Look below for the line that contains "File:Post stitches infection.jpg" and the line that contains "راه‌حل جدید پژوهشگران", then restate both of them and every line in between, exactly. No picture goes in the copy.

----------

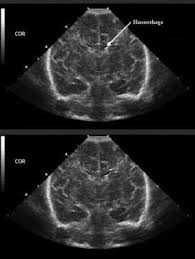 Periventricular Hemorrhage Intraventricular Hemorrhage Background Pathophysiology Epidemiology Ultrasound Ultrasound Tech Ultrasound Technician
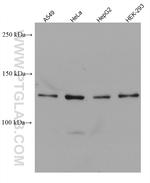 USP25 Antibody in Western Blot (WB)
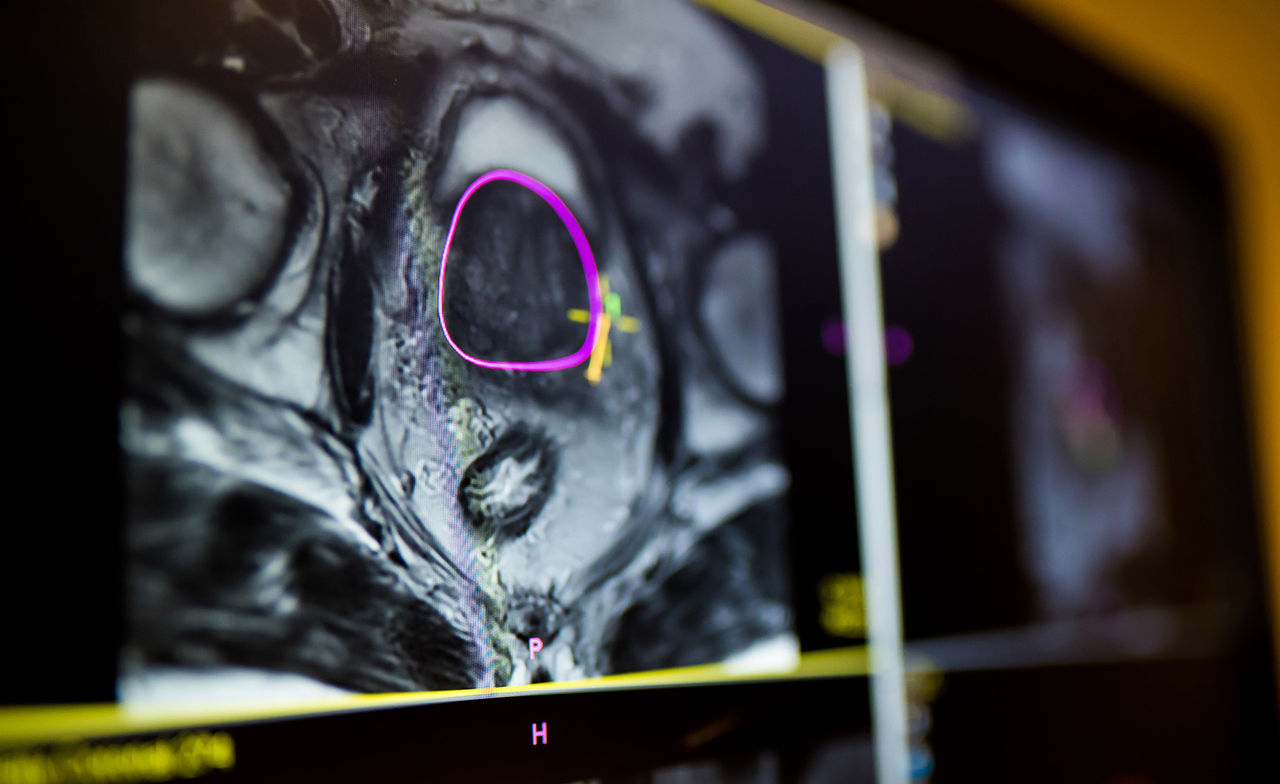 Prostate cancer shown on scan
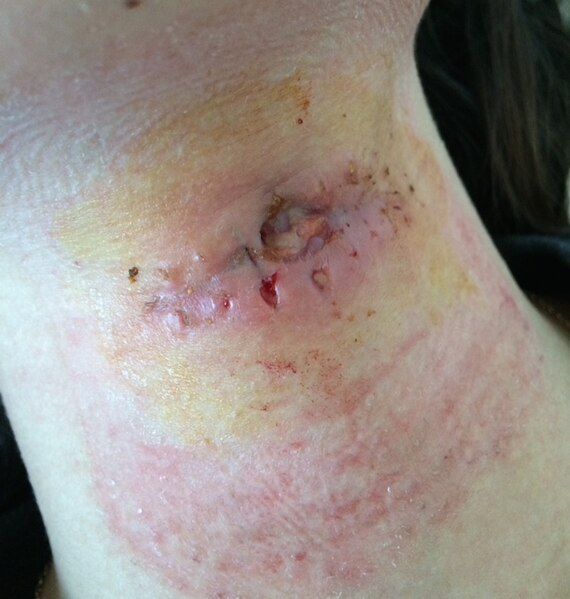 File:Post stitches infection.jpg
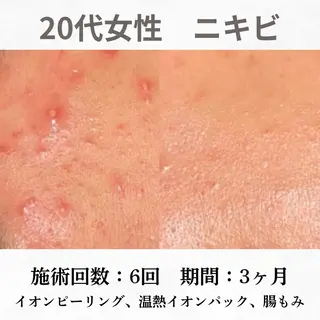 重度ニキビ専門🌷 ダウンタイムなしのエステ・リラクイメージ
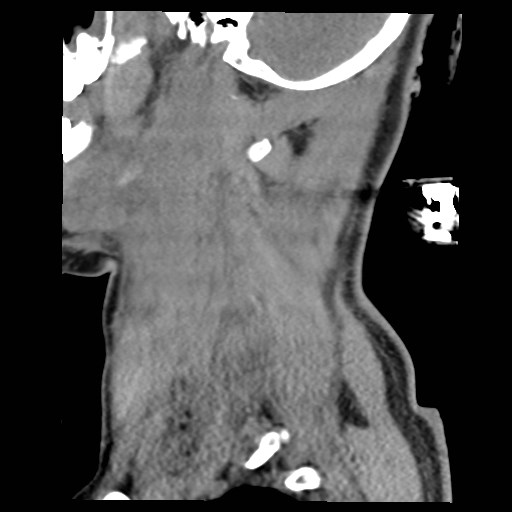 File:Atlanto-occipital dislocation (Radiopaedia 44648-48412 A 26).jpg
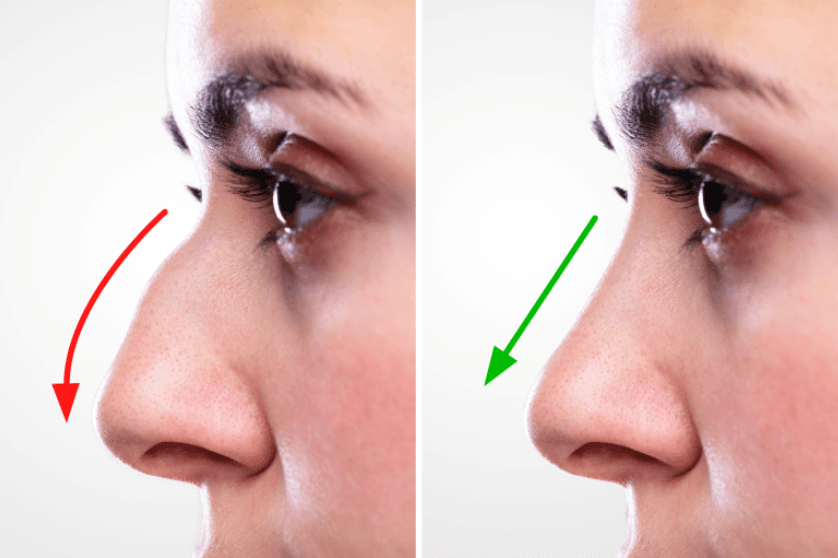 Rhinoplasty Surgery
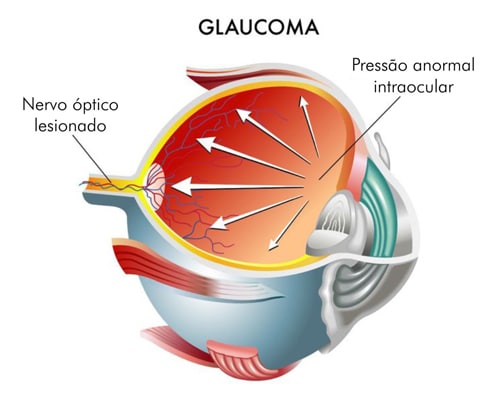 Read more about the article Glaucoma durante a gestação, o que fazer?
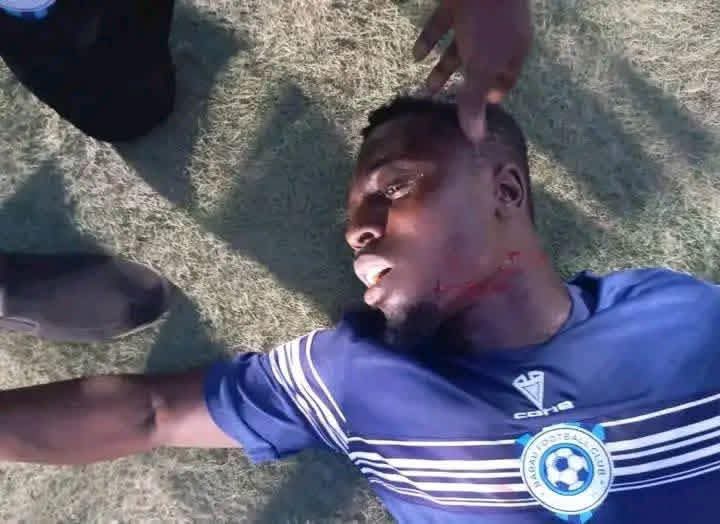 Ghanaian midfielder Nana Kwame Abraham has throat slit by Katsina United fan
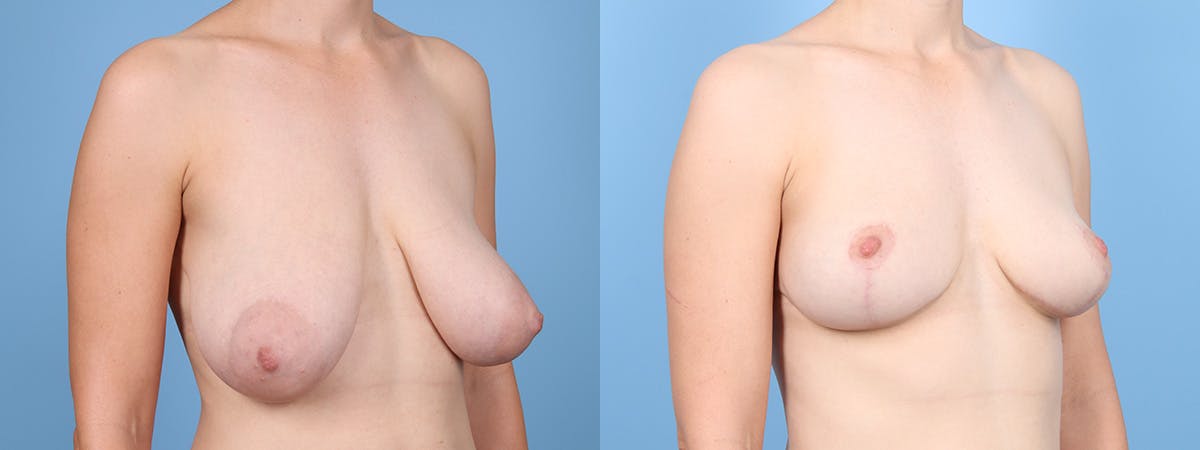 Breast Reduction/Lift Before & After Gallery - Patient 224292 - Image 2
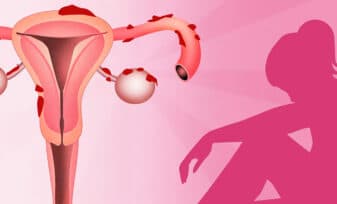 Endometriosis síntomas y tratamientos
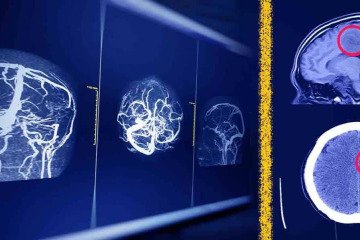 راه‌حل جدید پژوهشگران ایرانی برای افزایش امنیت هوش مصنوعی در تحلیل MRI مغز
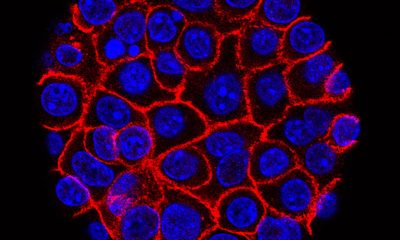 Daraxonrasib vs. pancreatic cancer: Experimental pill helped people live longer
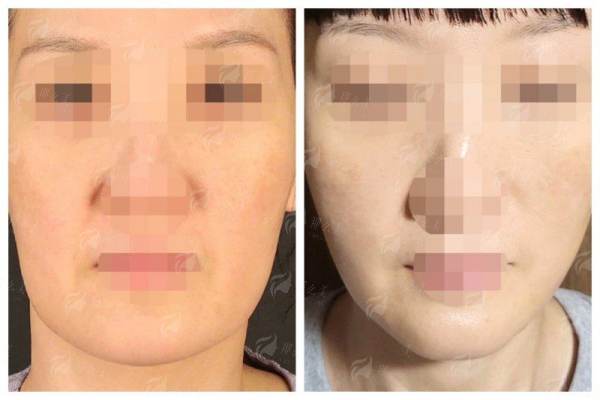 一、郑州东方整形贺焕焕医生的面部拉皮技术有何独到之处?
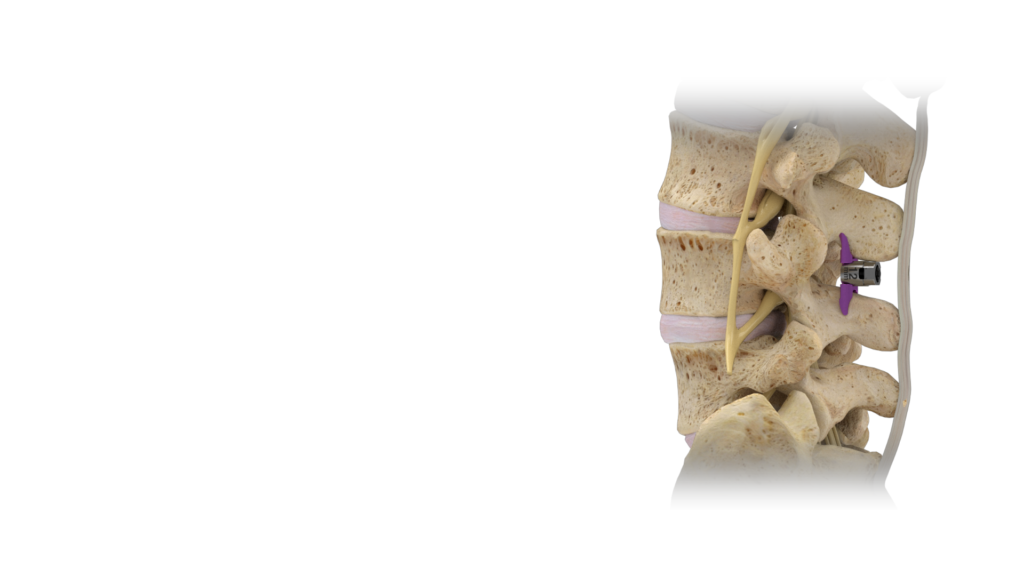 superion interspinous spacer pain management Denver CO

----------

» **Response below**
 File:Post stitches infection.jpg
 重度ニキビ専門🌷 ダウンタイムなしのエステ・リラクイメージ
 File:Atlanto-occipital dislocation (Radiopaedia 44648-48412 A 26).jpg
 Rhinoplasty Surgery
 Read more about the article Glaucoma durante a gestação, o que fazer?
 Ghanaian midfielder Nana Kwame Abraham has throat slit by Katsina United fan
 Breast Reduction/Lift Before & After Gallery - Patient 224292 - Image 2
 Endometriosis síntomas y tratamientos
 راه‌حل جدید پژوهشگران ایرانی برای افزایش امنیت هوش مصنوعی در تحلیل MRI مغز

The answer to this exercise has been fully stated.